The solution to this was to move to [JupyerHub](https://jupyter.org/hub), deployed on Kubernetes, using [Zero To JupyterHub](https://zero-to-jupyterhub.readthedocs.io) as a resource for getting things started. Over time, the deployments themselves began to be standardized via Terraform with configs being tracked in git repos. Yet, while the deployments themselves became more manageable in this way, maintaining the images, themselves, was another problem. Often, each course had its own, often complex, requirements regarding libraries, extensions, and versions, and without a standardization on images bases, so the technical debt of the lab environments ultimately found its way back in the form of container image sources that were now shipping the older versions. While still incrementally better in that an updated python library now keeps an image from being built rather than breaking a production lab environment or student machine's instance, it still meant potential for deploying vulnerabilities that were now being served over the public internet and didn't solve the problem of courses and research getting stuck on outdated versions.

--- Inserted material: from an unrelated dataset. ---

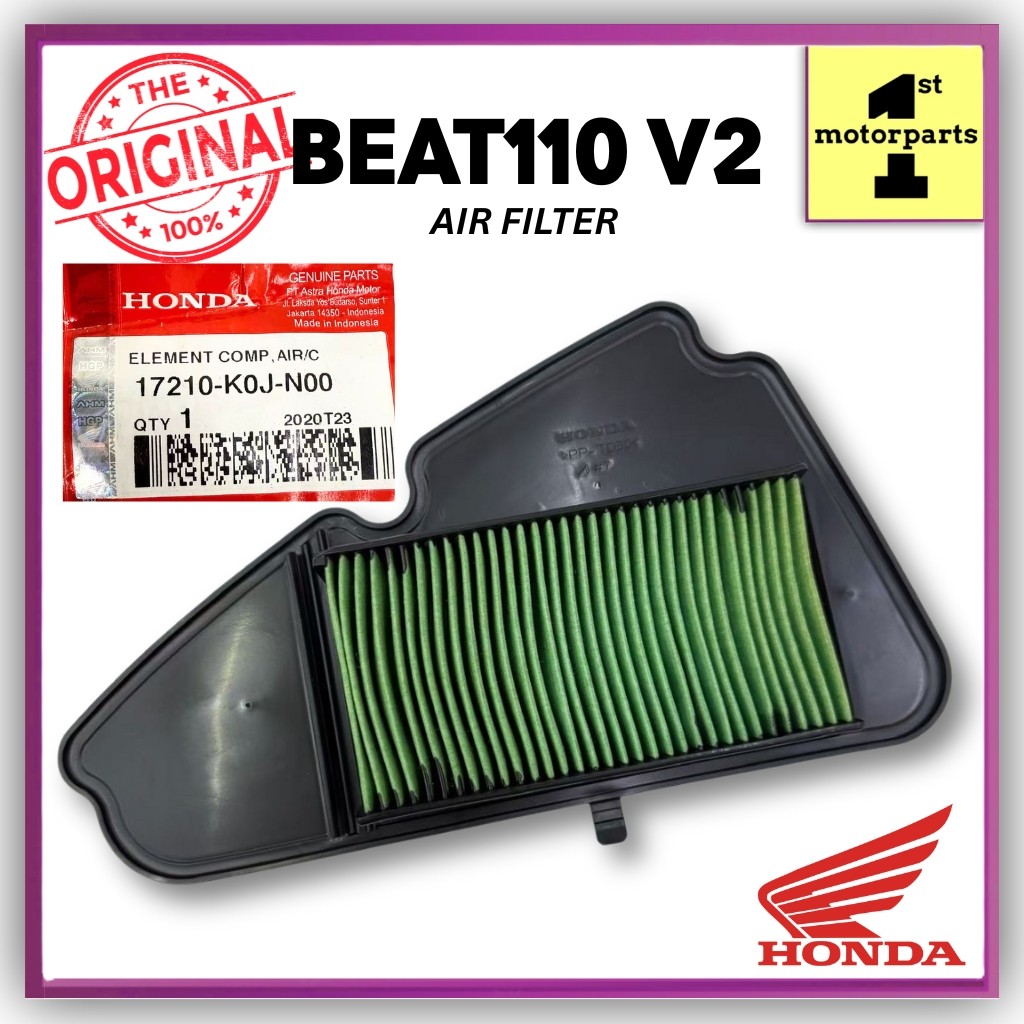 BEAT V2 BEAT110 V2 AIR FILTER CLEANER HONDA 17210-K0J-N00 HONDA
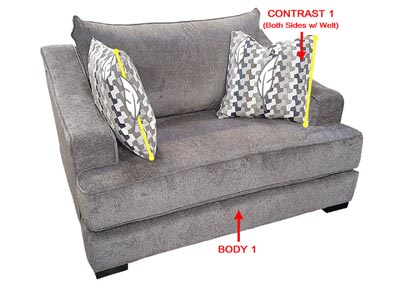 Image for Value Selection Double Chair w/ 2 Pillows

As more and more faculty turned to us to deploy Jupyter environments, the complexity got harder to maintain.
## Continuous Integration
While there were some early attempts at automation of the images via GitHub Actions, ultimately something more powerful became necessary and [Jenkins](https://jenkins.io) was leveraged to bring things under control. The first priority was getting old images simply working again, even if by messy means. Some of these images took over an hour to build on a new Ryzen 7 development laptop and had inconsistent break points making attempts to fix broken images an incredibly tedious and time-consuming process, especially when updates were needed with a quick turnaround for an ongoing production course. The time spent to generate a simple Build-Test-Deploy style Jenkinsfile very quickly paid for itself as the builds could be delegated to more powerful server hardware, making the feedback loop far more efficient and freeing up developer hardware to focus on working on the next incremental step while the building and testing were handled by designated hardware (in this case, EPYC Gen 2 machines running AlmaLinux 8).
Once the immediate emergencies were remedied, work began on standardizing on a common image base. Previously, some images were based on old 3rd party upstreams, some were based on an outdated Microsoft platform, some were based on old Jupyter images, and some were totally custom. There had been some prior attempts to make a common internal base, but without a proper and predictable CI, it ended up adding to the chaos.
Jupyter produces its own upstream images and they are regularly updated. It made sense to use Jupyter's upstreams directly, but we could not do it with the old methods for image building. If we were going to do it right, we needed to go all the way. We created new base images for Python, SciPy, and R based on [Jupyter upstream images](https://github.com/jupyter/docker-stacks) and made all course images be based on these bases. These base images, which are [public and open source](https://github.com/UCSB-PSTAT/jupyter-base), are built, tested, and updated against the upstream Jupyter images at least weekly in addition to the latest Jupyter version standardized on for the current term, and include common libraries and extensions used across the majority of courses in addition to what Jupyter provides.
![jenkins-jupyter-base.png](/blog-images/jenkins-jupyter-base.png)
On successful build, all downstream course images are then rebuilt, tested, and published to Docker Hub, regardless of whether the course image is currently being used in production or not, so that we know about surprises when they happen and before they cause an issue with a deployment. Additionally, there is now a test site for current and future versions that faculty and TAs can access to test their stuff even before their course is deployed that is perpetually kept updated with images shipped from the Jenkins.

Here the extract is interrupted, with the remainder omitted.